Figure out your worst-case scenario of most people/stuff you'll have to fit (be specific). Then ask yourself how often that will actually be necessary. If 5% of the time you need to haul a bunch more stuff/people, get what fits your needs 95% of the time and rent a bigger car once in a while when you need it.
Do you have a car too? If so, what do you drive? If you're concerned about space, a two-car couple can optimize so one of the cars is bigger, but the other can remain small and efficient. My girlfriend and I have this setup. We have a large station wagon and a tiny subcompact. I commute in the subcompact, and the wagon only gets driven when we absolutely need the cargo room (which is often enough to justify owning it in the first place).

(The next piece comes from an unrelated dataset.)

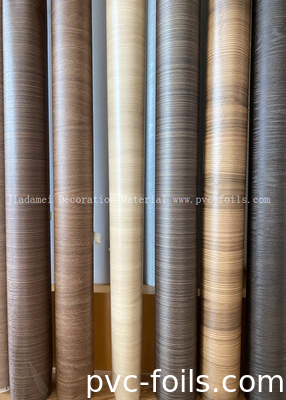 Bộ phim PVC bao bọc hồ sơ hạt gỗ cho trang trí tấm cửa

Leather, sunroof, etc. Fine fine, most cars are available with those options if you absolutely want them.
As far as "4wd or whatever is good in snow...." A normal front-wheel-drive car with decent snow tires will outperform a 4WD car with all-season tires in the winter. If you're concerned about snow performance, get a second set of wheels with snow tires on them, and switch them out for the winter months (you can do it yourself or have a tire shop do the switch). The extra cost of snow tires is pretty low, as your primary tires then last longer due to less use. 4WD is a performance feature, not a safety feature. If you're driving on paved roads with less than a foot of unplowed snow, you don't need it.
Quantify "good on gas." 25MPG is good for a pickup truck, 90MPG is good for a motorcycle. Try for 35+MPG. The gains past that don't net you as much as it seems as they are nonlinear (going from 20 to 30MPG saves you more money on gas than going from 35 to 60MPG).
Unless you have a reason not to, the standard recommendation of Japanese compacts/hatchbacks probably applies. Civic/Fit/Corolla/Matrix/Vibe/etc.